* [What you have to do]:
Tally the lines below that include "like" and give only the total.

* [Input data]:
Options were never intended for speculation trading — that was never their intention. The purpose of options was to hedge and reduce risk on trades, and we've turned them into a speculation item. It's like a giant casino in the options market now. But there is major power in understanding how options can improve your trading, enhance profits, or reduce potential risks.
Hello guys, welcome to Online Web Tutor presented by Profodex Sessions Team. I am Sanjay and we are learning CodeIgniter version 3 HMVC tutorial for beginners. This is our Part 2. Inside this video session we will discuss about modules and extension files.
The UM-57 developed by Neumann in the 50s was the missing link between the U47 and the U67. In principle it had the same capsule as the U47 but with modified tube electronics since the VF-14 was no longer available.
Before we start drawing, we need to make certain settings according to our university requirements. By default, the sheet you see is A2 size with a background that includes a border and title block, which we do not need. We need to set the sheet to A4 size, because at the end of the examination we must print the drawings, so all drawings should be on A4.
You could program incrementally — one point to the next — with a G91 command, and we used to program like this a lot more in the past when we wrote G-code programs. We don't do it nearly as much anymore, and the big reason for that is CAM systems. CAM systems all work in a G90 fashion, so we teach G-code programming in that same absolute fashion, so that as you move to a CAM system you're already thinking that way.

* * *

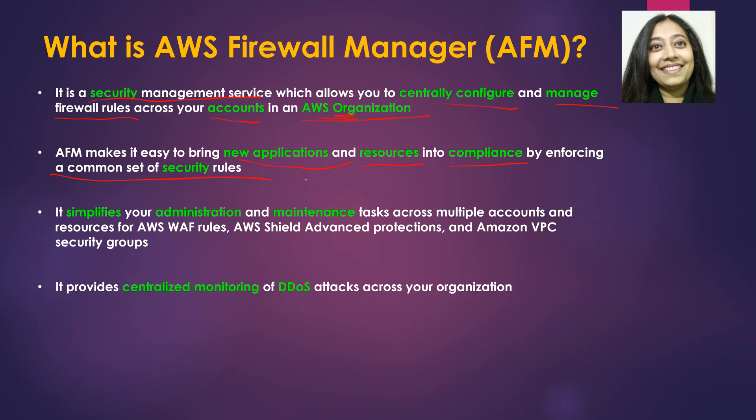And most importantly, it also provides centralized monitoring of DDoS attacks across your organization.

* [Written reply]:
2